Devolution partially addressed demands for self-government in various parts of the U.K. But it introduced another political conundrum: the West Lothian question, named after a lawmaker from the Scottish constituency of West Lothian who first raised the question in 1977. Simply put, this is the dilemma that Scottish, Northern Irish, and Welsh members of parliament (MPs) in the U.K. Parliament (based in Westminster, the London landmark known for Big Ben) can vote on policies that affect England alone, but the reverse does not hold true for English MPs.

The West Lothian question may seem like a fairly esoteric concept, discussed primarily by scholars of British politics and the occasional disgruntled Conservative politician, angry at Scottish Labour MPs’ power to vote on expanding English welfare provisions. But the question manifests itself in very real ways. When the Scottish Parliament was formed in the late 1990s, certain areas of legislation (such as foreign policy, defense, broadcasting, and immigration) were reserved for the U.K. Parliament. Other matters, like education, agriculture, housing, and tourism, fell within Scotland’s legislative authority. So in Edinburgh, members of the Scottish Parliament vote on education policy within Scotland; in London, Scottish members of the Westminster Parliament vote on education policy within England.

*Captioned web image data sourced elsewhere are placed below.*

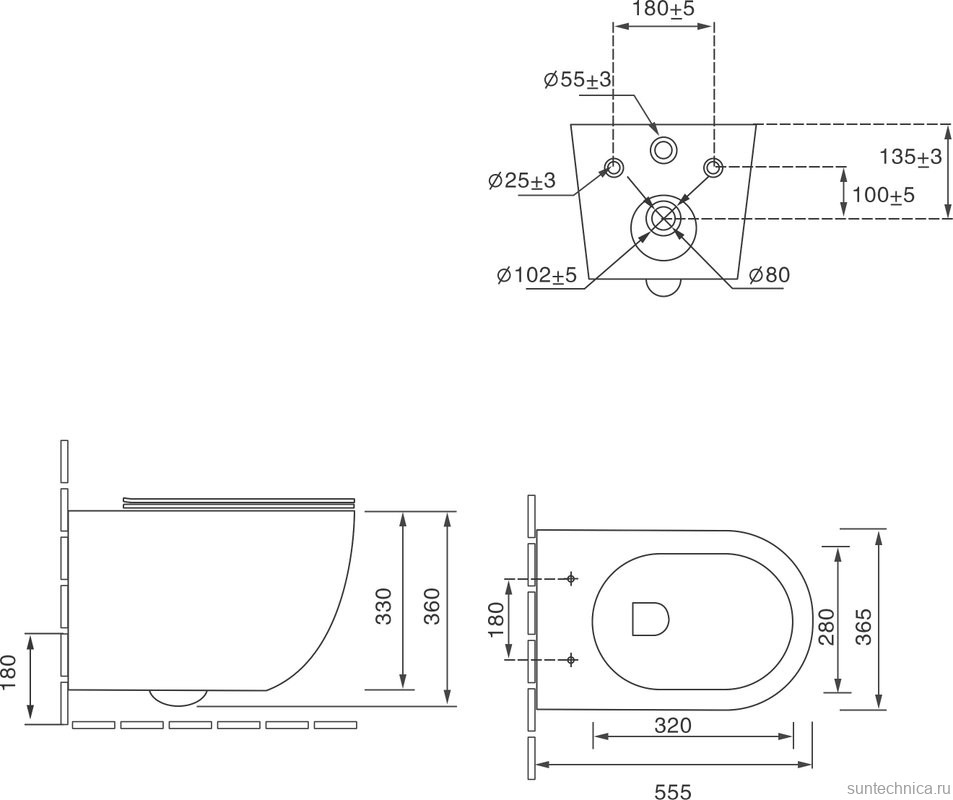 Унитаз подвесной SantiLine SL-5002MB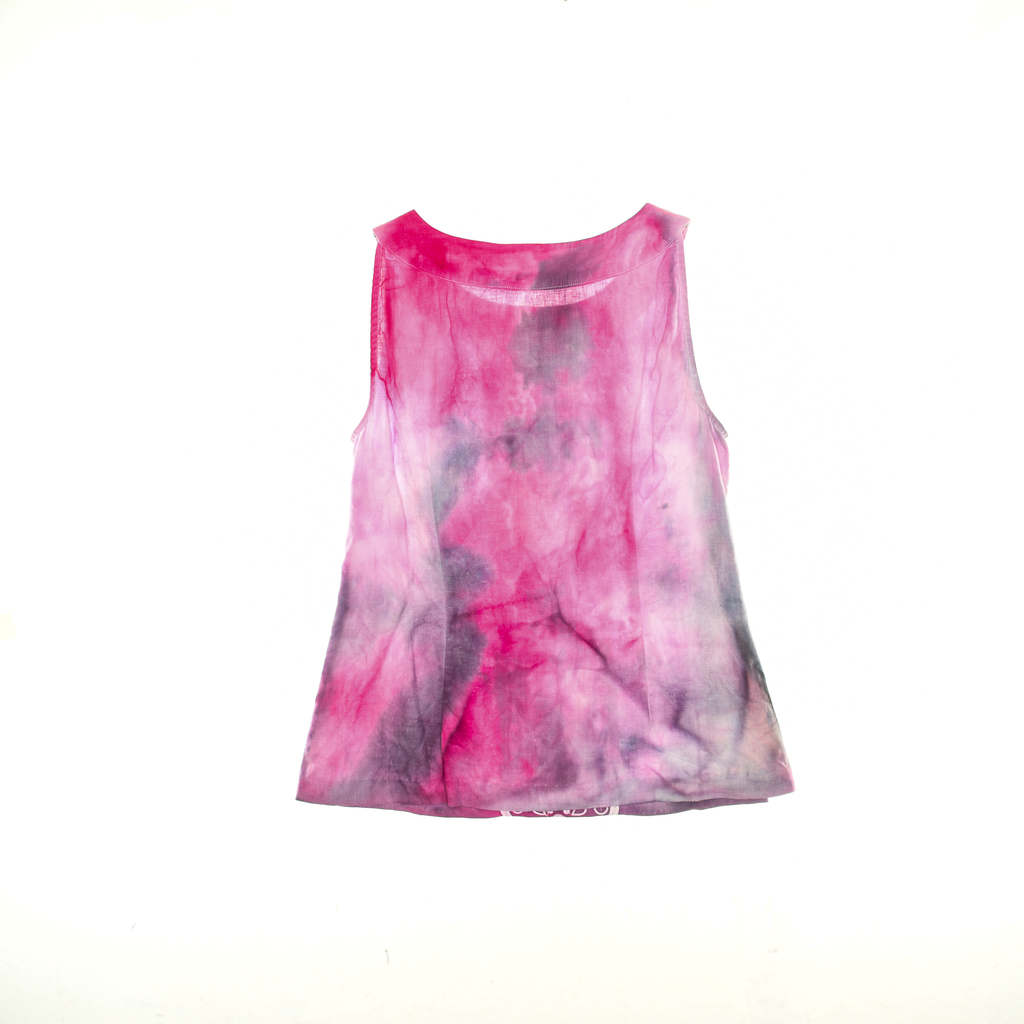 Ice Dye Daisy Linen Tank Top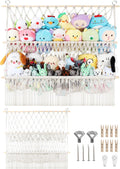 2 Tier Stuffed Animal Storage Shelf Net, 35x30'' Large Plushie Net Beige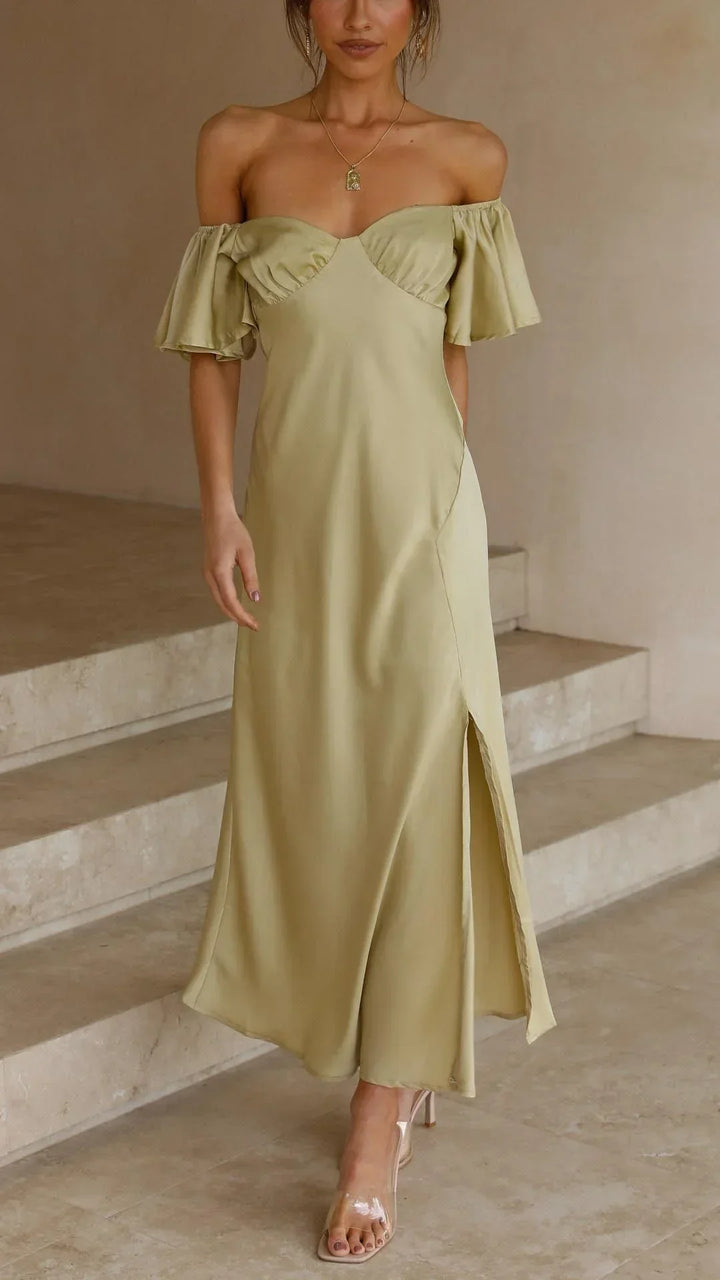 Women's Occasion Midi Dress with Bardot Neckline and Side Split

Nowhere do English MPs vote on Scottish education policy—which makes perfect sense, in theory, but in practice produces an imbalance in legislative authority.

Devolution, in other words, means there is no place where English lawmakers can vote on their own bills without the influence of MPs from neighboring nations. And given partisan disparities between England and Scotland, this influence can be quite strong. Scots’ political leanings are generally further to the left than those of their English counterparts. In the 2010 election, which brought Conservative Prime Minister David Cameron to power, the Labour Party won 41 of the 59 Westminster constituencies in Scotland while the Conservative Party won just one. (Conservatives, by contrast, won more than half of the 533 parliamentary seats in England.) The impact of these more liberal Scottish MPs has been evident several times since devolution, once in approving higher tuition fees for English universities—a measure that notably did not apply to Scottish schools such as St. Andrews and the University of Edinburgh.

A ‘yes’ vote on Scottish independence would have major consequences for the West Lothian question (especially since Northern Irish MPs come from regional Irish parties, and Wales is split more evenly between the U.K.’s main two parties, though it leans Labour). It would also eliminate a Labour stronghold in Westminster, making the partisan makeup of those who vote on England-only legislation somewhat more aligned with English political leanings.

But the resolution of the question largely depends on how the referendum shakes out. And the run-up to the poll has only added new urgency to the debate. In the event that Scotland votes 'no' on Thursday, some Conservative Party leaders are urging Westminster to revoke the right of Scottish MPs to vote on English-only legislation. Others are calling for more dramatic constitutional overhauls of the United Kingdom. “While the majority of us would like Scotland to stay in the UK, a large majority of us in England now want devolution for our country too,” John Redwood, a Conservative MP from southeast England, wrote in the Financial Times on Wednesday, on the eve of the independence vote. This devolution, he argued, could take the form of an English Parliament as well.

“What has emerged from the Scottish referendum is the idea of a federal state, with much greater power being exercised in the constituent nations of the union,” he noted. “What is fair for Scotland now also has to be fair for England.”